Authenticity is certainly a ‘hot topic’. The piece highlights that the increase in the number of articles that use the word ‘authenticity’ in their headline or lead paragraph has risen by a factor of two and a half times since 2003. The suggestion is made that low public confidence in business leaders and low employee morale are the drivers of this trend.

The argument is made that too-rigid definitions of authenticity causes difficulties and some profound issues are raised. Below we show the three definitions of authenticity cited in the article and the challenge the author makes:
- Be true to yourself. We evolve or transform ourselves over time. How can you be true to a future ‘self’?
- Maintaining strict coherence between what you feel and what you say and do. You lose credibility as a leader if you disclose everything you think and feel.
- Making values-based choices. When we move into bigger roles values that were appropriate can lead us astray.

The author then goes on to identify three situations where leaders she has worked with have struggled with the authenticity:
- Taking charge in an unfamiliar role.
- Selling your ideas (and yourself)
- Processing negative feedback.

The thrust of the article seems to be that to develop as leaders we need to experiment with new leadership behaviours. Rigid concepts of authenticity may prevent us doing that.

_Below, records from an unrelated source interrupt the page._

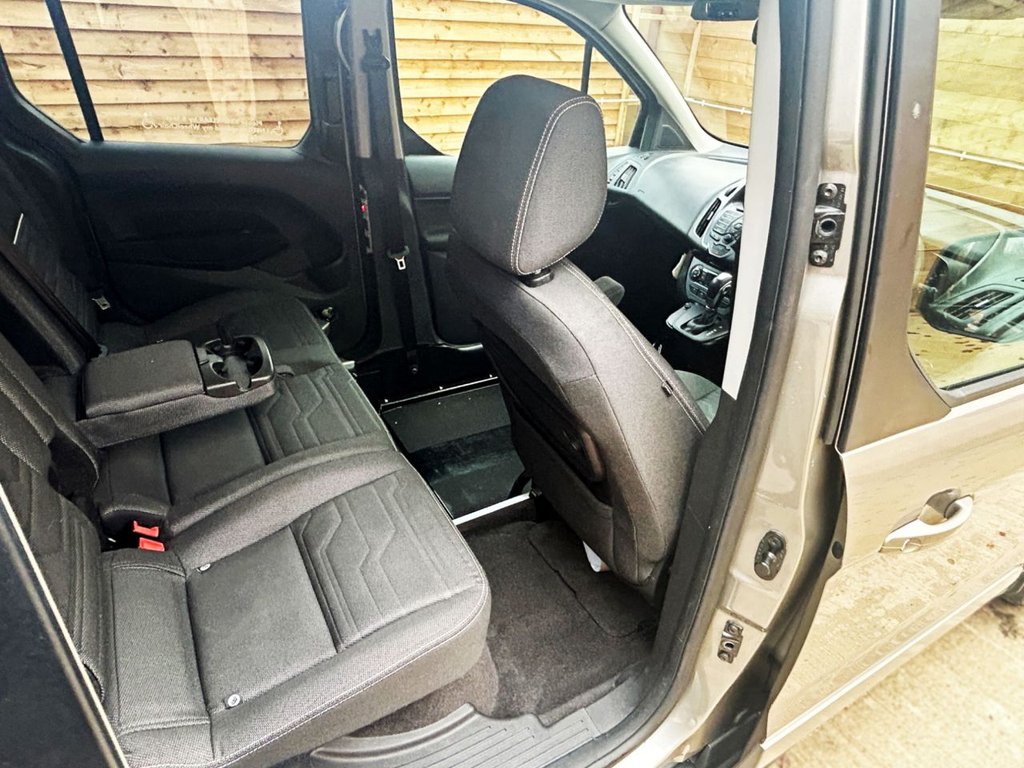 Used Ford Tourneo Connect 2018 for sale - 76909905: Photo 18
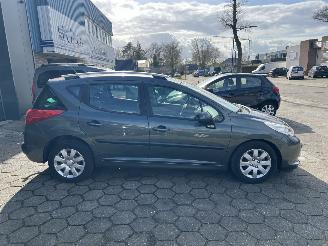 Peugeot 207 SW 1.4 16V VTI picture 4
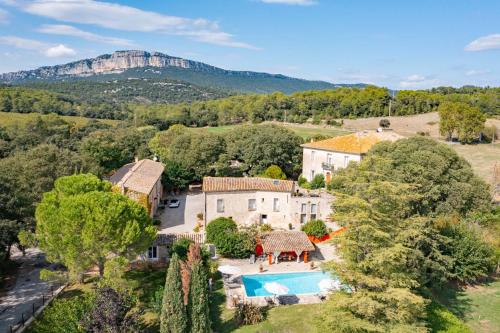 34Math Le Loft in Saint-Mathieu-De-Treviers, France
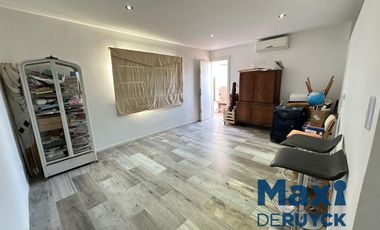 Casa moderna con galpón, Barrio Parque Calchaqui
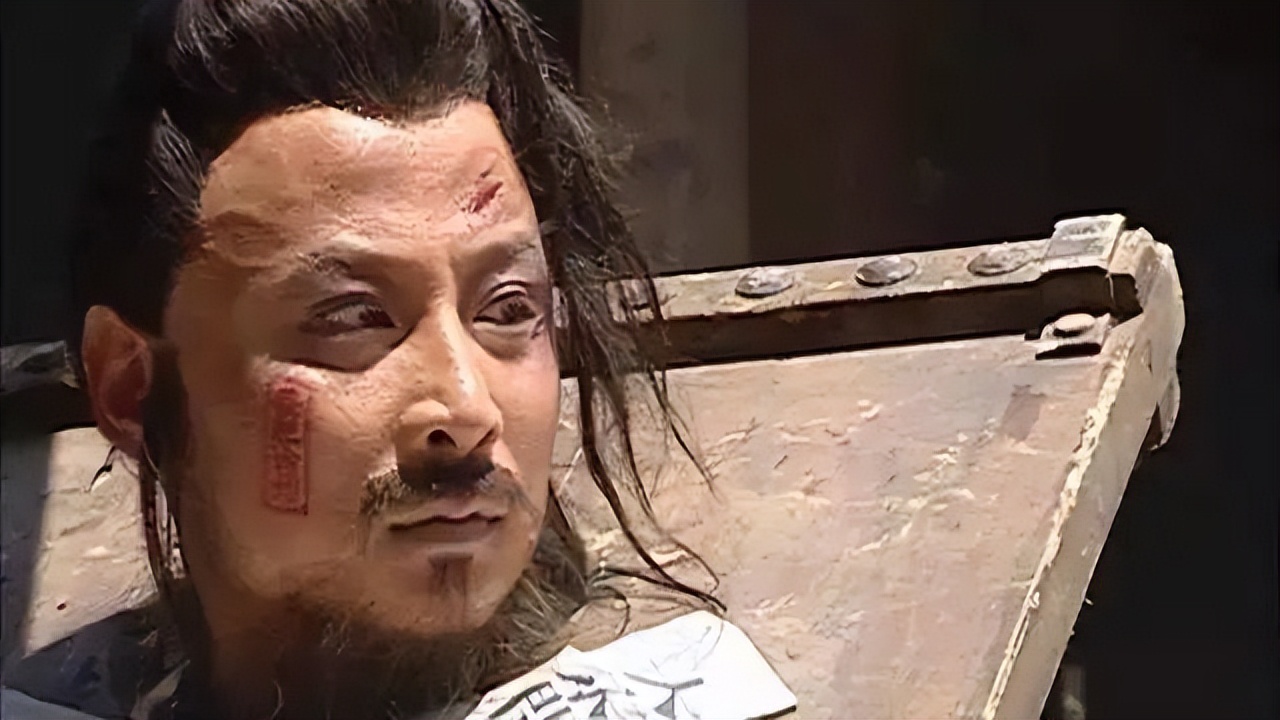 BOY LONDON 成为社会大哥的图腾？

Since reading the article for the first time I have been scratching my head. I guess that’s what we look to management journals to achieve. Is Ibarra arguing that it is better not be authentic sometimes or rather that we sometimes look at authenticity in the wrong way. The cover of the HBR is, I feel, misleading. The subtitle referring to the article on the front cover is ‘When it’s OK to fake it till you make it.’ The subtitle at the start of the article itself, however, is ‘Why feeling like a fake can be a sign of growth.’ Feeling like a fake is a different thing than being a fake.

In order to try and understand better I picked up the book ‘Why Should Anyone Be Led by You’ by Goffee and Jones of London Business School, which I first read in 2006 when it was published. They talk about balancing Authenticity and Skill and use a 2 by 2 matrix (set out in Appendix B of their book). They argue that effective leaders combine these two attributes. Using this framework I think Ibarra is arguing that managers in new, often more senior, roles need to enhance their skills to develop. This is subtly, but fundamentally different from ‘faking it’.

This article is well worth a read by anyone interested in Leadership. Her book ‘Act Like a Leader, Think Like a Leader’ is to be published in February. We plan to review it here.